Wednesday, September 12, 2012

Day 66 : If I think – I am fucked




                The moments I started first time to try stop my thoughts, it came to me like not possible, hard, I was even not able to comprehend, that human being can function without thinking, move without thoughts, act, speak, express and live without presence of thoughts within mind.

                But yes, it is possible, it is possible to live and have silence in the mind, not thoughts present, no reactions, just breathe and speak.

                I am far away from the point where absolute silence of me as me I live, but I’ll get there. The moments in my life, which I enjoy, really enjoy and like, are those when no thoughts, no energies, no movements of energies I experience, just me, walking here around, in environment I am in, and I just am. The moments I enjoy most are moments of silence in my mind.

                In moments when thoughts came up, and I start to participate on that thought, immediately I experience some kind of energy, I am aware of it and thus I have to stop that energy, thus it is useless, to participate on thinking and then stop energy, it is easier to stop thinking, to do not participate on it, to do not give attention to it, to do not charge thoughts with energies.

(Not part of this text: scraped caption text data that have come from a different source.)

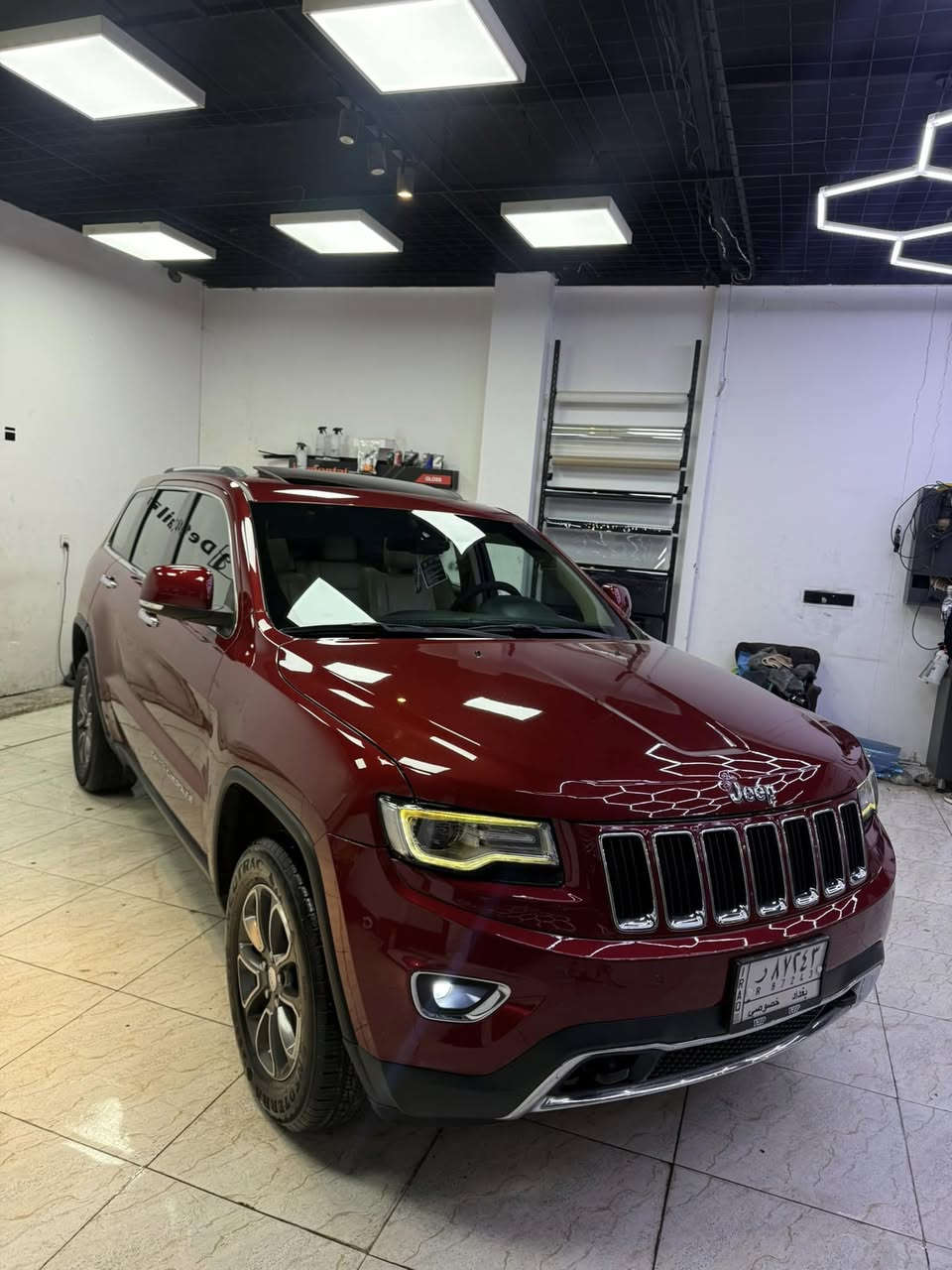 السلام عليكم 
جيب اوفر لاند 2014 خليجي 
V6 
فول مواصفات
بانوراما 
جكات تصعد وتنزل السياره  
حساس امامي خلفي 
كشنات تدفئه وتبريد 
ستيرنك كهرباء 
كشنات خزن ميموري 
جنطه كهرباء 
دمام صوت خلفي 
لايت داينمك  وي السياره 
ماشيه 106 mi
سياره بدون حادث  بيه صبغ جاملغ خلفي وشبر صبغ ب باب وشبر ب البنيد اثر شخوط 
بدون لا ضربه ولا اي شي
السعر 195 وبيه مجال 
مكان السياره كربلاء 
***********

                The specific patterns which occur within me, are those where I put the most energy thus this thoughts have tendency to come back over and over, till I remove all energies related to that thought, to eventually really and for real remove that thought and stop it, stop energy experienced related to that thought and finally silence my mind.

                The most energy I put into are those ones, which the most reflect my desires, or needs, wishes, as that what I want for myself as positive, as that what I like or as that what I would like to live, to have, to enjoy, and it is just experience of energy related to those desires or wishes.

                Sometimes, occur within me the point of blaming myself for participating on thoughts and “self-speak” known as back chat, as I always see how useless it is, but sometimes it is like late to stop as I already participated on that. Always, I am using this as a support for myself, to see where I fucked myself, how and why, to be able to see and the points directly , to do not have to go through all stuff again, as really, it is please to solve the point I am facing and go on and let go.

                It is the biggest pleasure for myself, to see what I allowed, to see how and why, what I lived, to release myself and allow myself to go on, as the past is past and thus past have to go.

                Sooner of later, each one of use will have face the point to have let go everything ones allowed and accepted, it is really better to stand up sooner like later. You decide.